Therefore, when I found that half of my department’s faculty — the half that apparently had no hand in my hire — despised me for reasons of varying merit, I began to look to other departments; if not for friendship, then at least for a less hostile work environment. I settled upon the Theatre Department. Although I had never formally studied drama, I had been involved in my high school’s theatre troupe long ago, and felt that my cursory knowledge and the innumerable plays I had read over the years would serve me well in any conversation among the professors. And indeed they did. I became fast friends with much of the Theatre faculty. When I was not teaching, and not trapped in my building by my bi-weekly office hours, I whiled away the time in the Q— Fine Arts Center, chatting up my colleagues, watching rehearsals, or even guest lecturing on Spanish and Russian tragedians.

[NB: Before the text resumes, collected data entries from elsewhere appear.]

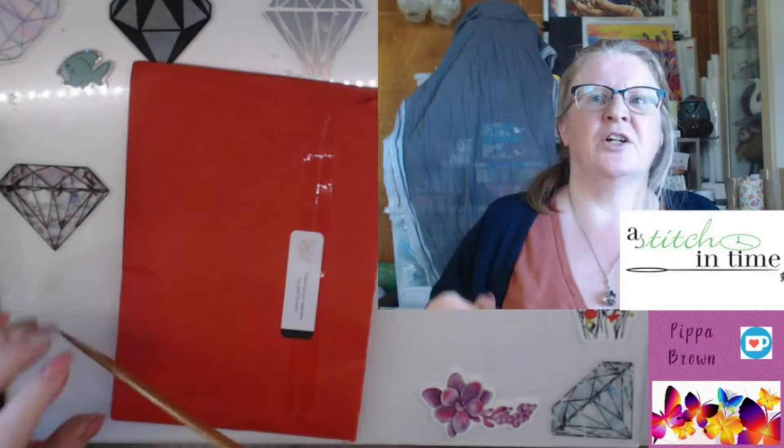Hello and welcome to my channel. Welcome to another unpacking of a thread club. I'm actually subscribed to four thread clubs, four collections: Weeks Dye Works, Classic Colour Works, Gentle Art Samplers, and Silk Overassoir. These actually do ship internationally from my local needle store.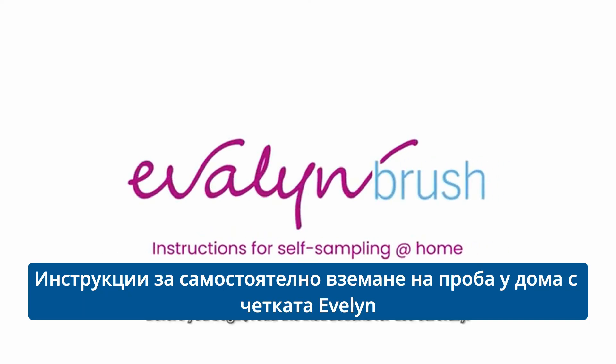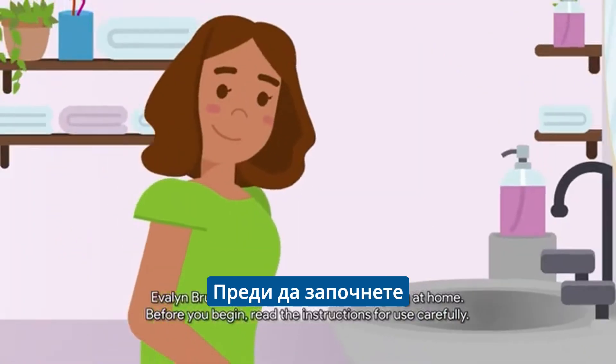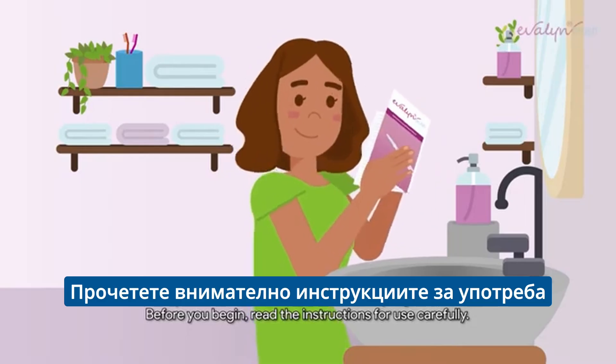Evelyn Brush. Instructions for self-sampling at home. Before you begin, read the instructions for use carefully.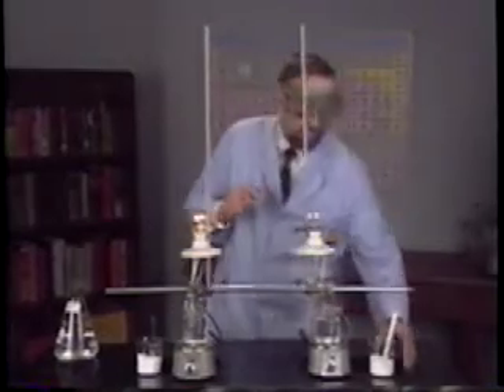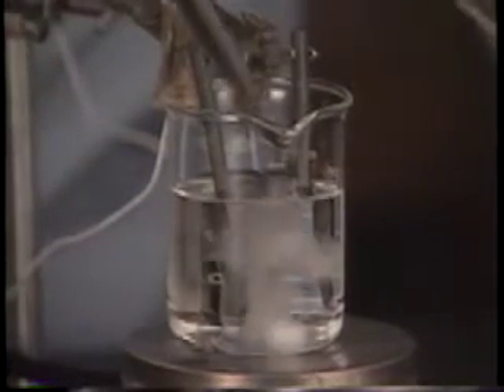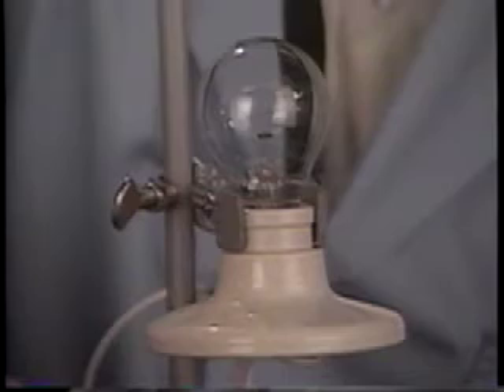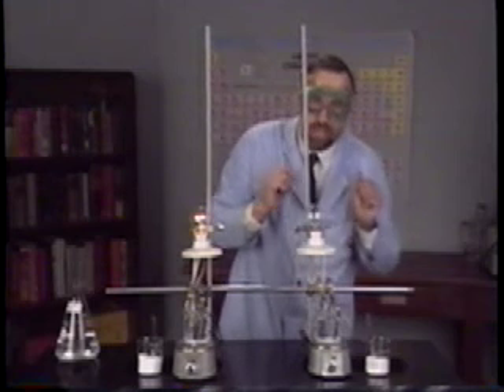Let's try white solid number two — looks pretty much the same. Put it in there. Nothing happens. Maybe a little more? Nothing. Solid number two does not conduct electricity.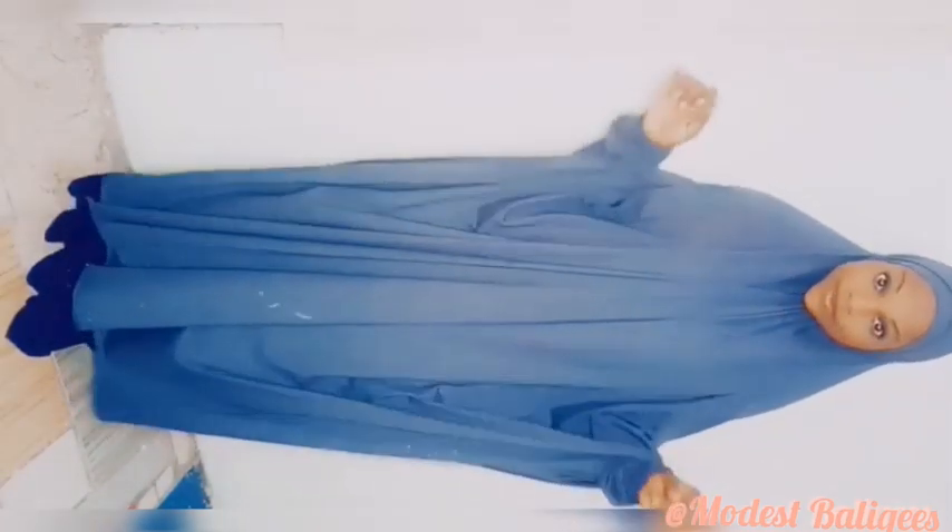Assalamualaikum, welcome back to my channel. Today's tutorial is on how to make a hijab cap jubab. If you are viewing my channel for the first time, welcome, and don't forget to tap the subscribe button for more videos like this and tap the notification bell to be notified when I post a new video.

Among my closest companions was one Professor B—, a gifted teacher and a playwright of some small renown. She had been granted tenure several years before my arrival at the university on the strength of a trio of semi-historical plays she had written. After that, she had, by all appearances, run out of ideas. Although she numbered among the university’s finest educators, and despite her many successful stagings of classic dramatic works, her output of original plays had clearly stalled. A persistent rumor — albeit one of considerable gravity — claimed she would not earn promotion to full professor as a consequence of her years-long dry spell.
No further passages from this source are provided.